Comment se porte la grève à la SNCF ? Au mieux de sa forme ou menacée d’essoufflement ? Ces derniers jours, alors que débute ce lundi une cinquième session d’arrêt de travail, les cheminots rejouent l’histoire du verre à moitié vide ou à moitié plein. Dans les assemblées générales comme lors de la manifestation interprofessionnelle du jeudi 19 avril, les grévistes se divisent globalement en deux camps : ceux qui assurent que la stratégie des « deux jours sur cinq » porte ses fruits, car elle permet d’inscrire le mouvement dans la durée ; et ceux qui s’inquiètent de ne pas rallier plus d’agents à leur cause, malgré de nouvelles annonces du pouvoir promptes à fâcher les cheminots.

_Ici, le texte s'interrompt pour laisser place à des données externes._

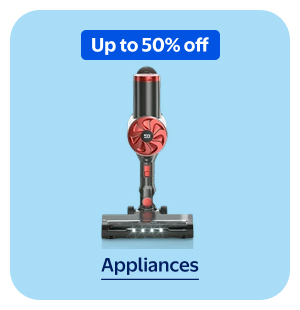 Up to 50% off - Appliances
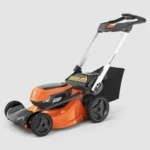 Husqvarna 21 inch cordless lawn mower rear drive
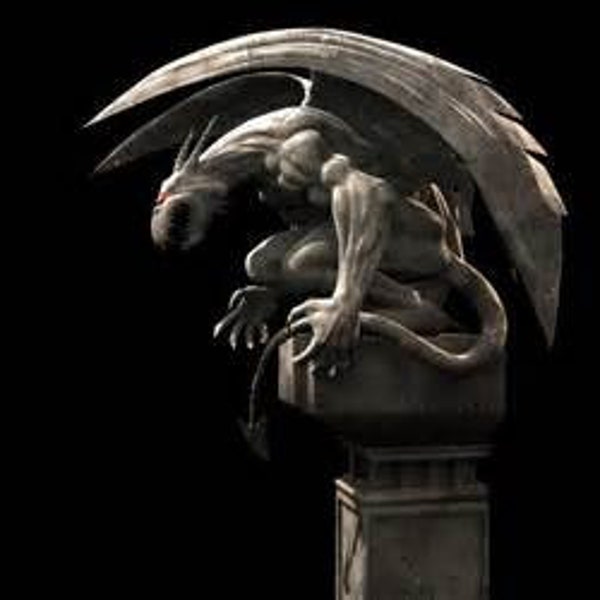 Level 6 Gargoyle - Proven Banishers Of Evil  Curse Removal and Home Shielding - Friendly, Protective and Active! You Choose Male Or Female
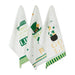 St Patricks Day Printed Dishtowels Mixed Dozen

Le gouvernement et la direction de la SNCF foncent en effet tête baissée dans la réforme. Lundi 16 avril, sourde aux premières semaines de grève, cette dernière annonçait la filialisation du transport de marchandises. Deux jours plus tard, Matignon faisait savoir que le recrutement au statut de cheminot cesserait dès janvier 2020, alors que la « concertation » avec les syndicats n’est pas terminée. De quoi fâcher ces derniers. « [C’est] une attaque frontale contre la démocratie sociale et son principe de négociation, a aussitôt dénoncé la CFDT dans un communiqué. La posture gouvernementale a pour objectif de laisser croire que tout est joué et/ou rechercher la radicalisation du conflit et/ou sa prolongation. » Le lendemain, les organisations syndicales ont d’ailleurs décidé de suspendre leur participation aux réunions programmées au ministère des Transports, en réclamant de négocier directement avec le Premier ministre. Et appellent à « amplifier le mouvement ». Mais comment ?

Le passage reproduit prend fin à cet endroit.